**Dataset section:**
--------

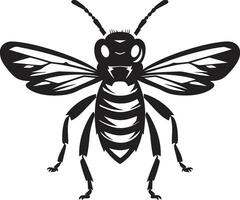 emblématique insecte majesté musclé logo conception royal frelon silhouette noir icône vecteur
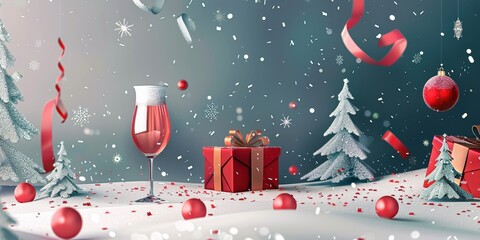 Wall Mural - A Christmas scene with a red wine glass, a red box, and a tree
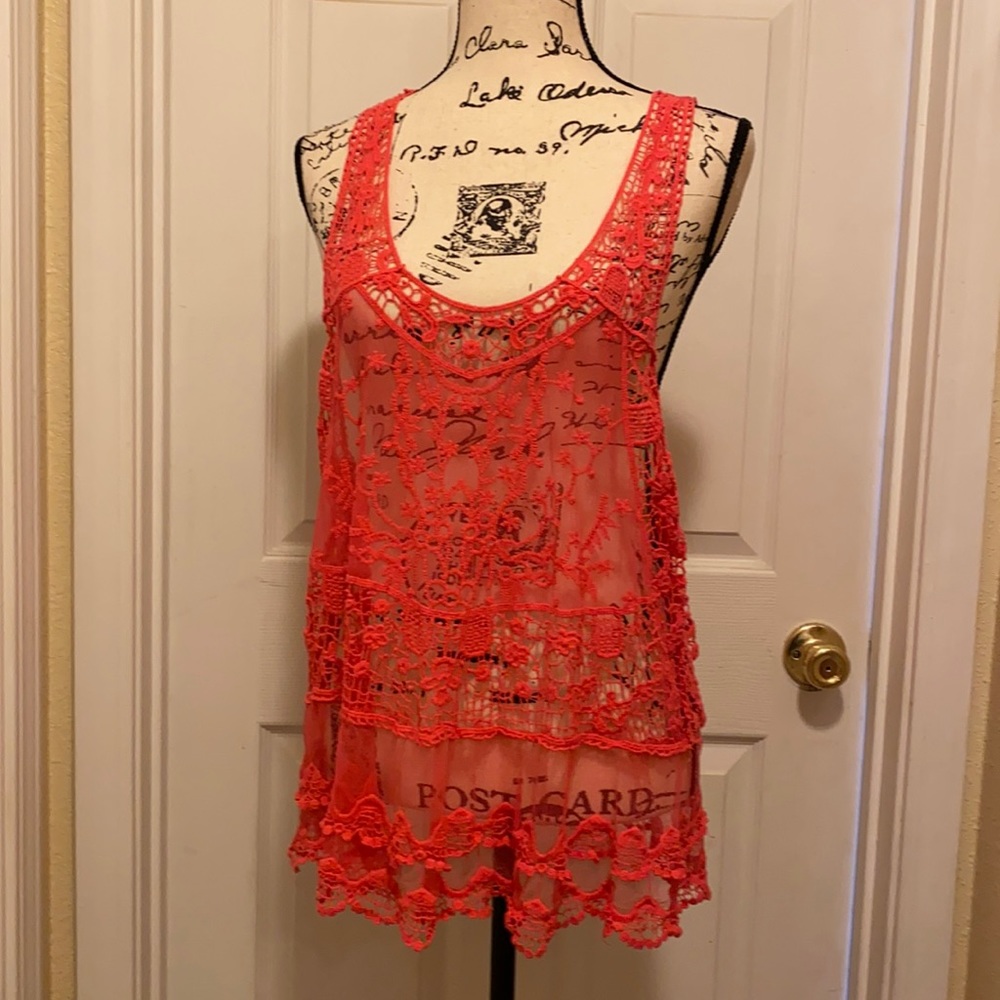 Embroidered coral mesh tank top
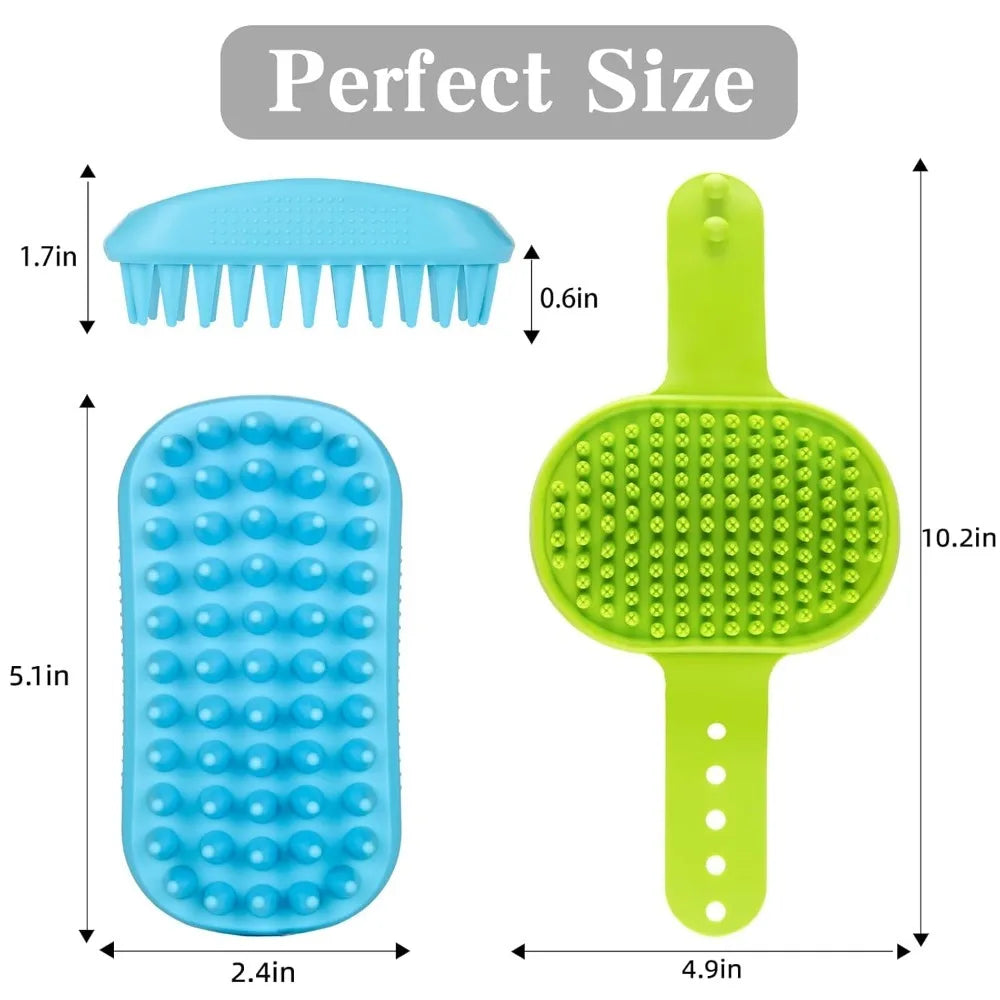Dog Bath Brush Set Adjustable Handle Deshedding Massaging Shampooing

--------

Any picture in the listing above gets left out; output the rest exactly.

**Answer to the problem:**
 emblématique insecte majesté musclé logo conception royal frelon silhouette noir icône vecteur
 Wall Mural - A Christmas scene with a red wine glass, a red box, and a tree
 Embroidered coral mesh tank top
Dog Bath Brush Set Adjustable Handle Deshedding Massaging Shampooing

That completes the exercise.